Reproduce precisely the lines between the start of the data below and the line with "Anti-CD40L / CD154", both included.

*** Opening Data records ***

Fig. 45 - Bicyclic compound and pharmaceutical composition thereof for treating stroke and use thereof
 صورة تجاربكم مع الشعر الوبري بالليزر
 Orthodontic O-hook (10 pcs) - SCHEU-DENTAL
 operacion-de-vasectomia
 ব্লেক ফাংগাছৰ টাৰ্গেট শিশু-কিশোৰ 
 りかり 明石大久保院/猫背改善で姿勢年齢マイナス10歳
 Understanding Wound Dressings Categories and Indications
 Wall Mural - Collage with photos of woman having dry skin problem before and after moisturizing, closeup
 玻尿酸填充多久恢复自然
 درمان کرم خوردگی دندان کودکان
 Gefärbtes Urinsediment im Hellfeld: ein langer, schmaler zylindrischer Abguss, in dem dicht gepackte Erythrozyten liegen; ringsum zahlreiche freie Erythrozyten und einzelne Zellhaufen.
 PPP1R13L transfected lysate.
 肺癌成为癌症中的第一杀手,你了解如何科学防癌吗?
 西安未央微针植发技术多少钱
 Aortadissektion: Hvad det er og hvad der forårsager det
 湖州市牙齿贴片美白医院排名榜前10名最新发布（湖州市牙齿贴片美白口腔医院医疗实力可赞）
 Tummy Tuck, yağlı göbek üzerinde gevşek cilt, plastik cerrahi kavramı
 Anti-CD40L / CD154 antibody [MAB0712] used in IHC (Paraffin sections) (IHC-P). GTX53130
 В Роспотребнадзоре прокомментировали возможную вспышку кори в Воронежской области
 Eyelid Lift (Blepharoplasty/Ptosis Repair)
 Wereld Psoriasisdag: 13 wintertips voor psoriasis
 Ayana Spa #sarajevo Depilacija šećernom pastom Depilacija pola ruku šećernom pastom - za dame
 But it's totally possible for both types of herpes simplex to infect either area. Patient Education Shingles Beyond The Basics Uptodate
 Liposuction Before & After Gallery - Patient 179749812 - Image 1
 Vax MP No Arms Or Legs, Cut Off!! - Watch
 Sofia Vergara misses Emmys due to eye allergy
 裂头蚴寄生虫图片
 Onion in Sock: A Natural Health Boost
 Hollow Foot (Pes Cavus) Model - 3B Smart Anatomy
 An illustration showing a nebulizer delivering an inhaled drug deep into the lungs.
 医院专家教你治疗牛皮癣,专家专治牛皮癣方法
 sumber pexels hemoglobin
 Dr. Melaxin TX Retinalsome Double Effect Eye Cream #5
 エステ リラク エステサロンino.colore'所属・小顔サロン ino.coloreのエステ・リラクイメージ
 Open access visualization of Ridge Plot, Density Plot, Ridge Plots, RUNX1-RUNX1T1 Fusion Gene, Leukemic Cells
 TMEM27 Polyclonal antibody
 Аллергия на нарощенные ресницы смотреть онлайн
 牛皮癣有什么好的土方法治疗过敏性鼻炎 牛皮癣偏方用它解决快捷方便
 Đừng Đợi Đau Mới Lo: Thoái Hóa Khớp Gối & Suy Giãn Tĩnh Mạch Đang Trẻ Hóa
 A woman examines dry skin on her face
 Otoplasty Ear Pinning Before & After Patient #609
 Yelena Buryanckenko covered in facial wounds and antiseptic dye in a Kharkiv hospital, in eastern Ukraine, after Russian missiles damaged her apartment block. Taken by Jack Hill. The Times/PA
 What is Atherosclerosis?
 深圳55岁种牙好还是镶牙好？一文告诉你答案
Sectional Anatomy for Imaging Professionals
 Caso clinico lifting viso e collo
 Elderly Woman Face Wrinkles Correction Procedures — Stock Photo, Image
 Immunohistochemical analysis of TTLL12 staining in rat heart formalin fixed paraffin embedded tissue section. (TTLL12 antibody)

*** Closing Data records ***

■ **Answer to the problem**
Fig. 45 - Bicyclic compound and pharmaceutical composition thereof for treating stroke and use thereof
 صورة تجاربكم مع الشعر الوبري بالليزر
 Orthodontic O-hook (10 pcs) - SCHEU-DENTAL
 operacion-de-vasectomia
 ব্লেক ফাংগাছৰ টাৰ্গেট শিশু-কিশোৰ 
 りかり 明石大久保院/猫背改善で姿勢年齢マイナス10歳
 Understanding Wound Dressings Categories and Indications
 Wall Mural - Collage with photos of woman having dry skin problem before and after moisturizing, closeup
 玻尿酸填充多久恢复自然
 درمان کرم خوردگی دندان کودکان
 Gefärbtes Urinsediment im Hellfeld: ein langer, schmaler zylindrischer Abguss, in dem dicht gepackte Erythrozyten liegen; ringsum zahlreiche freie Erythrozyten und einzelne Zellhaufen.
 PPP1R13L transfected lysate.
 肺癌成为癌症中的第一杀手,你了解如何科学防癌吗?
 西安未央微针植发技术多少钱
 Aortadissektion: Hvad det er og hvad der forårsager det
 湖州市牙齿贴片美白医院排名榜前10名最新发布（湖州市牙齿贴片美白口腔医院医疗实力可赞）
 Tummy Tuck, yağlı göbek üzerinde gevşek cilt, plastik cerrahi kavramı
 Anti-CD40L / CD154 antibody [MAB0712] used in IHC (Paraffin sections) (IHC-P). GTX53130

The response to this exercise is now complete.